The specified fraud offences currently covered by the Act (the list can be amended through secondary legislation) include:
- fraud by false representation;
- obtaining services dishonestly;
- false accounting;
- fraud by failing to disclose information;
- participation in a fraudulent business; and
- false statements by company directors.
The offence can be committed by a broad range of ‘associated persons’, including an employee, agent or subsidiary of the organisation; an employee of any of the organisation’s subsidiaries; or a person who otherwise performs services for or on behalf of the organisation. Whether a particular person performs services for or on behalf of an organisation is to be determined by reference to all the relevant circumstances and not merely by reference to the nature of the relationship between that person and the body.
An organisation can receive an unlimited fine if convicted.
There is a defence available for an organisation which has reasonable procedures in place to prevent fraud or where it is reasonable not to have such procedures in place. Guidance on what the procedures should entail will be published by the UK Government in due course. Practically, this requirement should also be considered by smaller organisations than those in-scope, as they may be associated persons of larger organisations.
If resources held across a parent company and its subsidiaries cumulatively meet the size threshold, that group of companies will be in scope of the failure to prevent fraud offence. Liability can be attached to whichever individual entity within the group was directly responsible for failing to prevent the fraud. Liability can alternatively be attached to the parent company, if a fraud was committed by a subsidiary’s employee for the benefit of the parent company, and the parent company did not take reasonable steps to prevent it.
Relevance to crypto firms
For crypto firms that are either based in the UK or which service UK customers, it is important to prepare for the introduction of this offence, particularly as reported losses to crypto fraud in the UK increased by more than 40 per cent over the past year. While the offence is not expected to come into force immediately, firms whose compliance protocols and procedures are tailored around the Money Laundering Regulations, for example, will need to review their fraud detection processes against the government’s guidance when such guidance is published.
More broadly, firms which embrace decentralisation will need to consider and assess the risks that their business model may generate, particularly where the definition of an associated person is as broad as in the Act and could, in theory, extend to founders and developers.
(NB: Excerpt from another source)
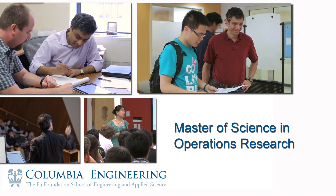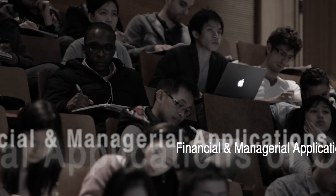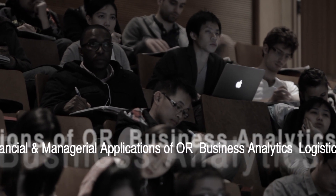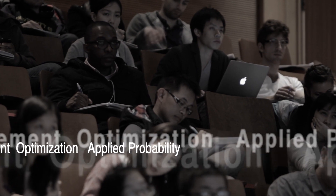The MS-OR program starts off with a core in optimization, deterministic models, stochastic models, simulation, and probability and statistics, which forms the core that will then be taken and refined through electives in different areas. The MS program in operations research has five concentration areas: financial and managerial applications of OR, business analytics, logistics and supply chain management, as well as two concentration areas in optimization and applied probability.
The offence may also pave the way for UK authorities to investigate crypto exchanges outside the UK, where there may be an allegation that those exchanges have failed to prevent fraud against UK persons. Some high profile crypto fraud cases provide indications as to how that may come about; for example, the first witness for the prosecution in the US criminal trial of FTX founder Sam Bankman-Fried, was a London-based trader. Moreover, exterritoriality arises as some of the specified offences already contain an extraterritorial element in that they can be committed so long as a relevant event occurs within England and Wales.
Conclusion
The failure to prevent fraud offence is a clear signal to businesses, including crypto firms, that they should embed the prevention of fraud in their structure and their conduct.
Government guidance will need to clarify what sort of reasonable procedures businesses are expected to adopt, as well as how the offence will interact with existing controls that regulated firms may have for financial crime purposes.
In advance of the guidance, however, crypto firms, given the pace of their innovation and growth of their products, should take proactive steps to ensure that their approach to compliance is comprehensive and that commitment to preventing fraud is embraced across all levels of the corporate pyramid.